(Data provided begins)

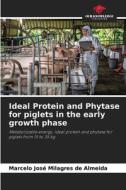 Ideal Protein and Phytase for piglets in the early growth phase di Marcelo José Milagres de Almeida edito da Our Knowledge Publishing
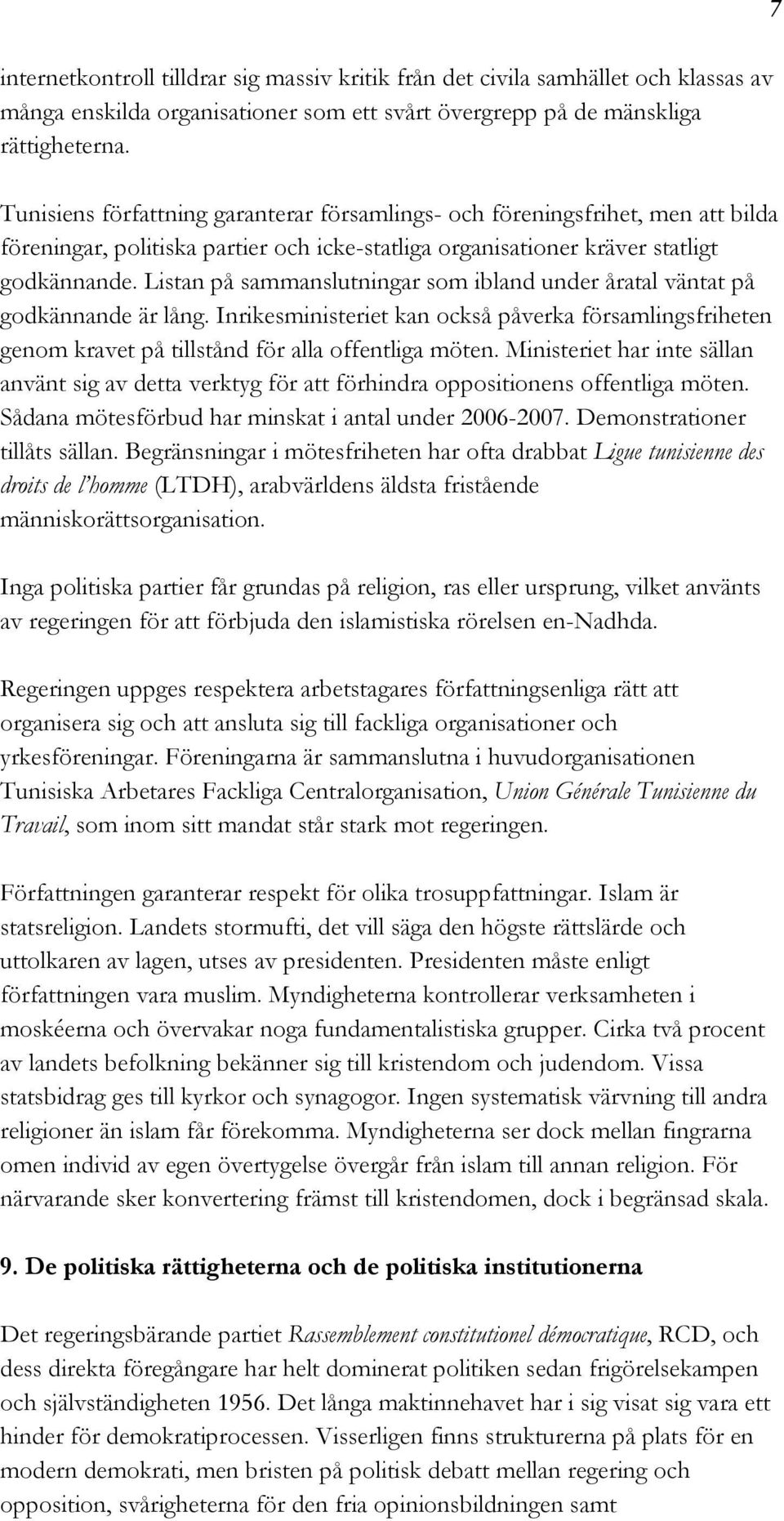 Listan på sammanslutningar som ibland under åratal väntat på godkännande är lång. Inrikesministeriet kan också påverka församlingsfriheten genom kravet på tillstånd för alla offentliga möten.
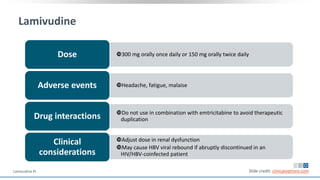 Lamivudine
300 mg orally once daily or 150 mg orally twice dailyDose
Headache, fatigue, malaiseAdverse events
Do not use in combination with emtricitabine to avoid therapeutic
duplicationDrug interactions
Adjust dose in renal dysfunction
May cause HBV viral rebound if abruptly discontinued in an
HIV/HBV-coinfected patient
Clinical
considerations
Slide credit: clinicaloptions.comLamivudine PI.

(Data provided ends)

Work item: Copy each entry exactly as written. Pictures do not belong in the copy.

Output for this exercise:
 Ideal Protein and Phytase for piglets in the early growth phase di Marcelo José Milagres de Almeida edito da Our Knowledge Publishing
 Listan på sammanslutningar som ibland under åratal väntat på godkännande är lång. Inrikesministeriet kan också påverka församlingsfriheten genom kravet på tillstånd för alla offentliga möten.
 Lamivudine
300 mg orally once daily or 150 mg orally twice dailyDose
Headache, fatigue, malaiseAdverse events
Do not use in combination with emtricitabine to avoid therapeutic
duplicationDrug interactions
Adjust dose in renal dysfunction
May cause HBV viral rebound if abruptly discontinued in an
HIV/HBV-coinfected patient
Clinical
considerations
Slide credit: clinicaloptions.comLamivudine PI.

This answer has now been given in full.